WHAT YOU SHOULD KNOW: The pixilation issue with the art seems to be a thing of the past. That was a common complaint for the last couple of books, but MWP seems to have turned it into a non-issue. The PDF is $12.99, though you can preorder the print book from Amazon right now for $13.59.
This book ties into the Civil War Event book for Marvel Heroic, and is essentially a supplement to a supplement. It is divided into five chapters: The New Warriors, The Runaways, The Young Avengers, The Cube and Hero Datafiles.

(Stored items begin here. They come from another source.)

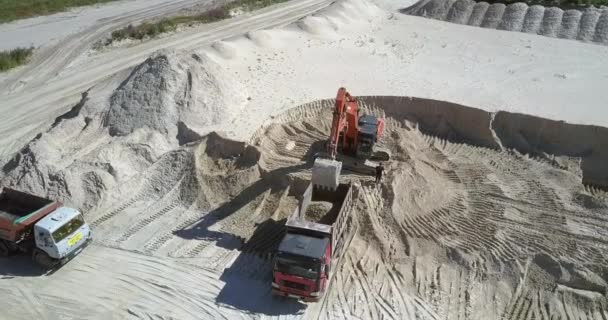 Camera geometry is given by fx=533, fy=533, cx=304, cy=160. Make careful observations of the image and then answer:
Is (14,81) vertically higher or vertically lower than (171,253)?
higher

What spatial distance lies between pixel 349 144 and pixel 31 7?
23598 millimetres

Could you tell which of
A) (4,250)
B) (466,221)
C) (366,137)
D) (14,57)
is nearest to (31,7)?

The New Warriors chapter gives a brief history of the team (with horrible art from their “reality TV” comic series that led into Civil War), and introduces some new Milestones for Reality TV stars. Incidentally, if you wanted to run a game based off of the brilliant Peter Milligan/Mike Allred X-Force/X-Statix, these wouldn’t be horrible milestones to get started with. Several datafiles (though you will need to adjust affiliations and add Milestones if you want to use them as PCs) of former members are included, with the most notable omissions being Nova (coming in Annihilation) and Scarlet Spider. The odd character selection of these books rears its head as Night Thrasher’s brother becomes the first character (I believe) to get two datafiles in a single book (as Bandit and as Night Trasher II). This chapter also provides for some twists to the Stamford event, allowing for different causes and survivors, with one placing the New Warriors even more directly responsible for the event, while another places the blame squarely on the Avengers for not answering a distress call. The chapter ends with the “new” New Warriors, a team of depowered mutants given technology by Night Thrasher II in order to fight crime.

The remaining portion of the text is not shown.